The Corporation stated in 1958, “The whole emphasis of the new scheme will be on ‘preservation.’ Though some headstones will be removed, the more historic will be placed along the boundary walls.” Sadly ‘preservation’ was lost in the list of priorities and today it is virtually impossible to even conceive of the site as the ‘Shankill Cemetery’ of old; a fraction of the historical cemetery exists. However, finally in 2013, a locally commissioned, innovative and inspired memorial stone was unveiled at Shankill Cemetery containing images reflecting the many facets of its long history. 
 
HA Mac Cartan, (The Glamour of Belfast,1921) provided the perfect epitaph for the Shankill Cemetery.

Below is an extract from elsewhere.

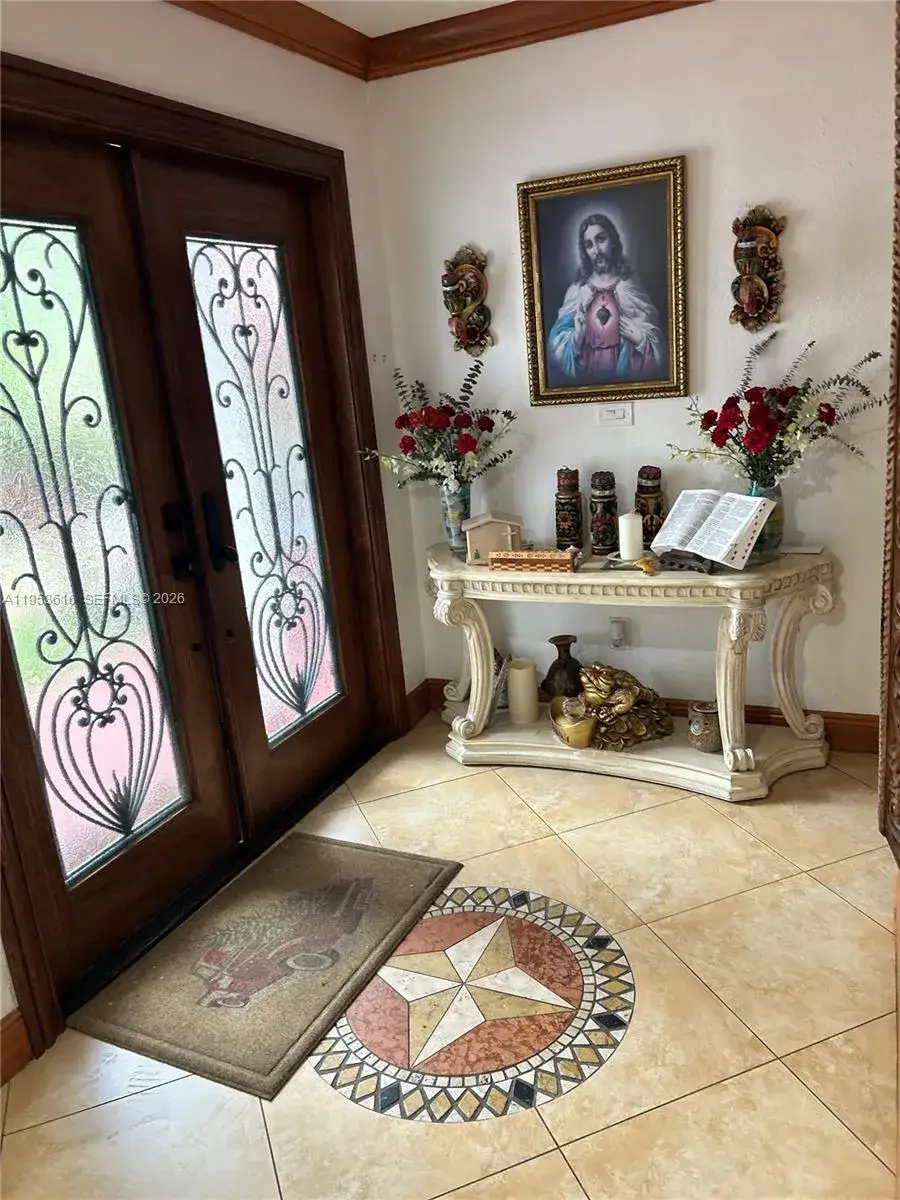 4 bedroom 2 bath Residential for sale at 2600 SW 126th Ave, Miami FL 33175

“For this 'Old Church' which gave Shankill its name was once…a thing of beauty as well as sanctity. Before it became the 'Old Church' it was the 'White Church', visited by Gaelic chieftains as well as by John De Courcy himself…given much to prayer in the intervals of battle. Do their ghosts haunt the congested old graveyard where the Church once stood? What would be your feelings, bustling citizens, if on a night of yellow moonlight your eyes should be tranced by the vision of a grave-faced chieftain of the O’ Neills in cloak and kirtle entering a mystic Church, with John De Courcy, free of battle-axe and armour, walking peacefully by his side.”